黄色や橙色に染まった枯葉が風に震え、木枯らしに舞うころ、僕はその人と出会った。その人のことは木枯らしが運んできたんだと思うことにした。
その人は人を愛することに疲れ、傷つき、人を信じることをも恐れていた。かと言って死ぬこともできない。そんな人だった。

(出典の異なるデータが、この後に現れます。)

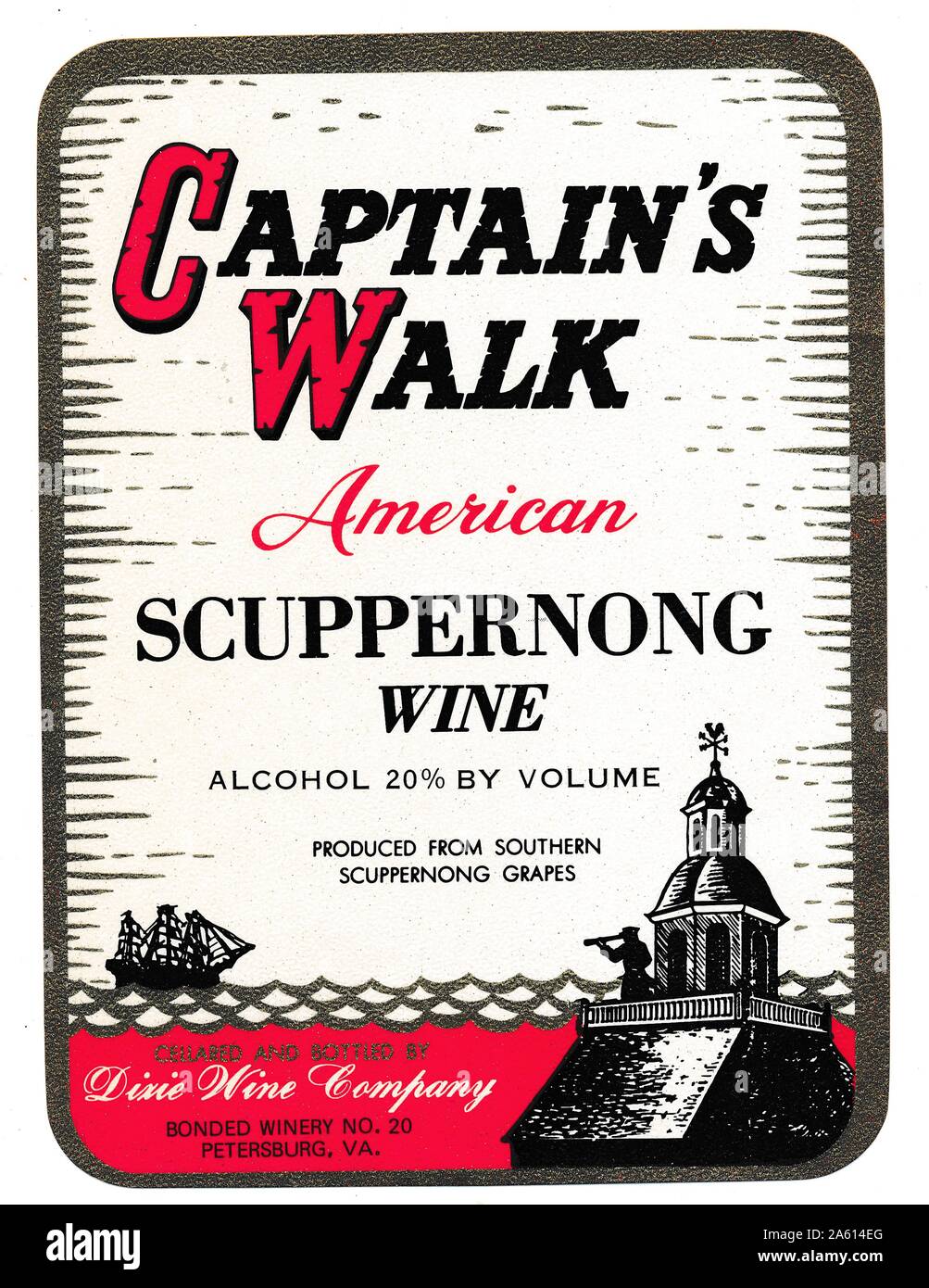 Étiquette vintage pour une bouteille de vin de scuppernong « Captain's Walk », en bouteille par la Dixie Wine Company, Petersburg, Virginie, 1945. () Banque D'Images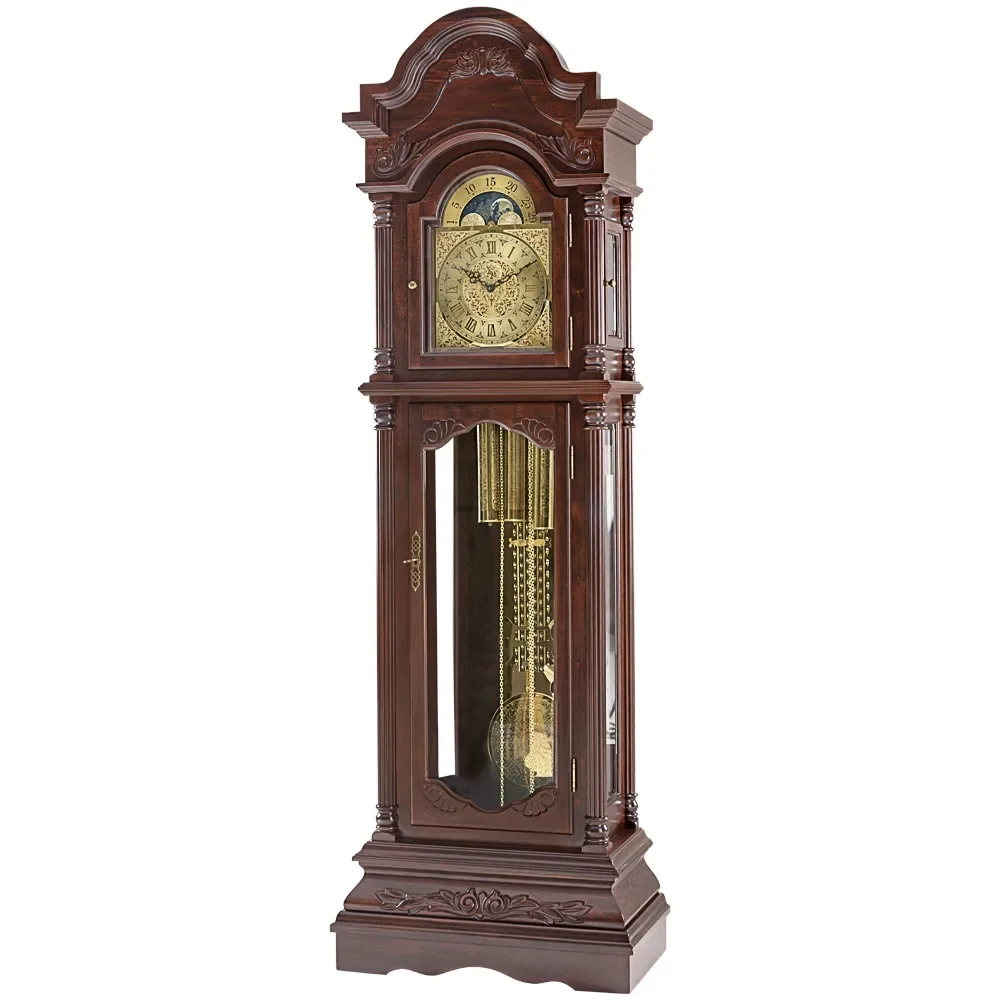 Floor Clock Living Room Standing Grandfather Clock Solid Wood Mechanical Eight-Tone Movement Twelve-Tone Zipper Movement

僕はせめてその人の心の傷を癒してあげたいと、誠意と優しさを持って、時折衝突しながらも、わかり合いながら共に過ごした。僕はこんな日々がずっと続けば良いと思っていた。
なのにある日、
「あなたの真心にはとても打たれたけど、私はあなたとは一緒になれない」そう言ってその人は僕の元を去って行った。
「人生はハッピーエンドばかりじゃない」
そんなことはわかっていたつもりだったけど、僕の心の隙間には木枯らしが吹いたみたいだった。
まつ毛いっぱいに涙を溜めた卒業式の女学生。
最後の大会で負けたときに流した涙、叩き合う肩。
届かなかった初恋。
ただ一度だけのものは限りなく美しいと思う。
この世界は「生きにくい」と思う時がある。
この世界は「信用できない」と思う時がある。
正直者が馬鹿をみて、嘘つきが潤う。
正義の味方がいつも勝つわけではない。
この世界はそんなもんなんだと思いながら、僕はどんどん鈍くなる。
それでも、今日を生きていくのが困難な人を救うために動く人たちがいること知る時、まんざら悪くないかなと思ったりもする。
この世界は。
どうしてこうなったのか?
どうして僕は今、こんなことをしているのか?
どうして僕はあの時、あの場所であんな風に過ごしてしまったのだろうか?
2度と戻らない美しい時間だったのに。
どうして僕はあの時、あの人にあんなことを言ってしまったのだろうか?
時々ぼんやりと考えることがある。
夜の空を見上げ、なつかしい人、なつかしい場所を思い出してみる
ふと生きることが下手な人と話したい、つながりたいと思ったりする。